Después de acompañar al alcalde a un evento deportivo en otra localidad, Santos Caballero regresó a El Santa y antes del secuestro fue visto en la comisaría del distrito.
Al no encontrar respuesta, los familiares viajaron a Chimbote, pero en el túnel de Coishco personal de la Marina de Guerra les impidió continuar.
Mientras tanto, al lado derecho de la carretera Panamericana Norte —con dirección a la ciudad de Trujillo— los campesinos eran ejecutados y enterrados en una chacra.
Con las manos manchadas de sangre los secuestradores se dirigieron a Trujillo —capital del departamento de La Libertad— donde ingresaron a un restaurante para celebrar el macabro hecho.
Los campesinos fueron declarados desaparecidos. La versión oficial hacía responsable del secuestro al grupo terrorista Sendero Luminoso, pero la indiferencia de las autoridades empezaba a levantar sospechas.
Las pintas con las que habían adornado las fachadas de algunas casas eran un elemento distractor, un artefacto decorativo que intentaba desviar la atención de los familiares.

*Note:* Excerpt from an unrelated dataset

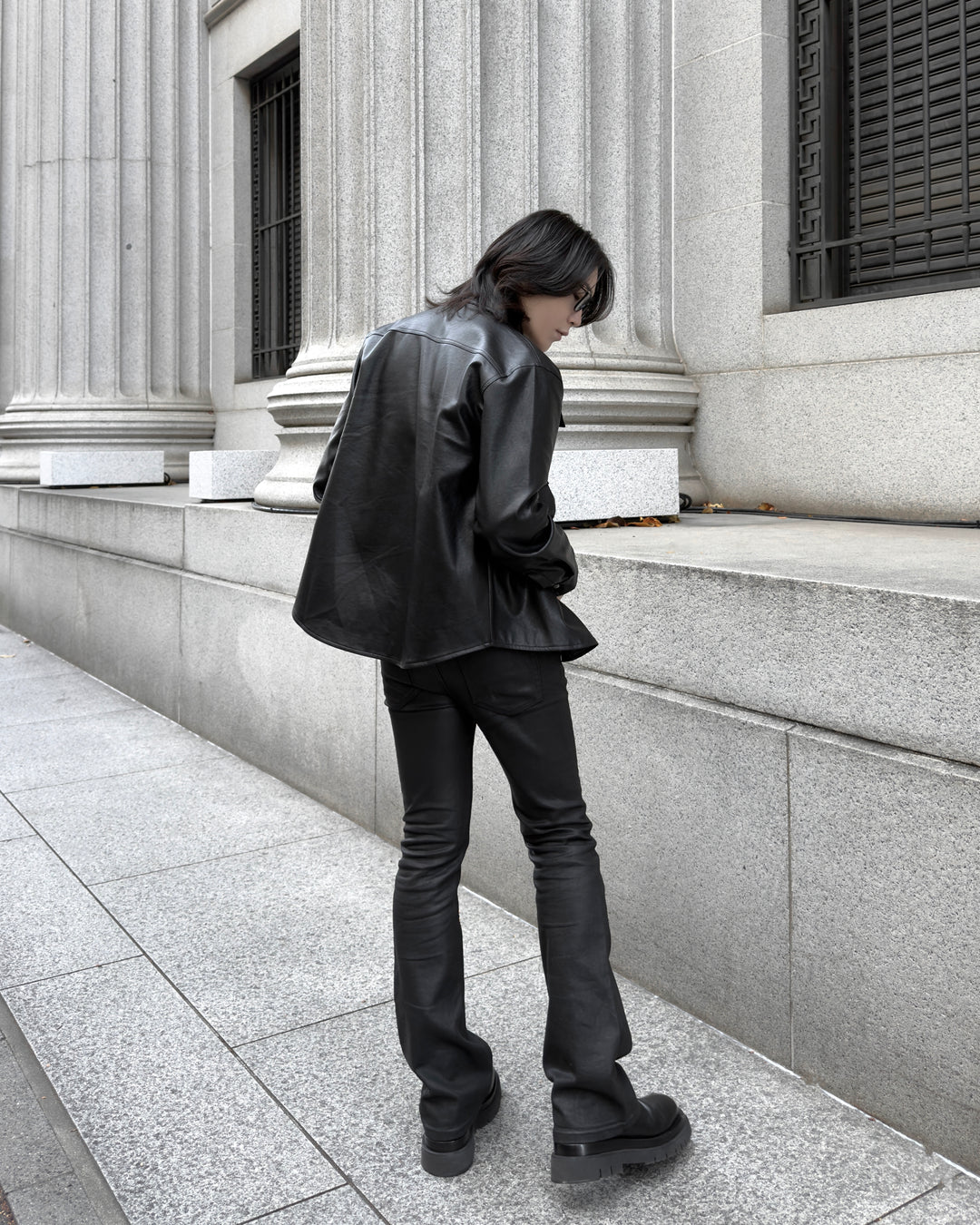 [December POP-UP advance sale] "Leather Shirt Jacket"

Desde entonces sus reclamos postergados se confundieron en una tormenta de injusticia. Como si de pronto la esperanza convulsiona como parte de una pesadilla, un oscuro sueño del que nunca es posible despertar.
Maribel Barrientos se convirtió en pieza fundamental al investigar los hechos. El rostro del hombre que ella vio aquella trágica noche pertenecía a Martín Rivas.

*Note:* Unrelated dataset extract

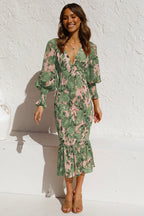 Rosario Minimalist High End Summer Dress Evening Wear Edit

Ese testimonio le costó a Maribel Barrientos una falsa acusación de terrorista, que la llevó a pasar cinco años en el penal Santa Mónica.
La Fiscalía Provincial de El Santa ignoró los testimonios de dos familiares de las víctimas, quienes meses antes de ocurridos los hechos fueron contactadas por policías para ponerlas en sobre aviso, advirtiéndoles que sus esposos formaban parte de una lista negra.
Con el fin de encubrir a los responsables, el 31 de agosto de 1995 se decide archivar la investigación, amparándose en una ley de amnistía para policías y militares que incurrían en actos contra los derechos humanos.
Se trataba de una de las nefastas leyes promulgadas durante el régimen dictatorial de Alberto Fujimori que pretendía silenciar el crimen y premiar con la impunidad a los delincuentes.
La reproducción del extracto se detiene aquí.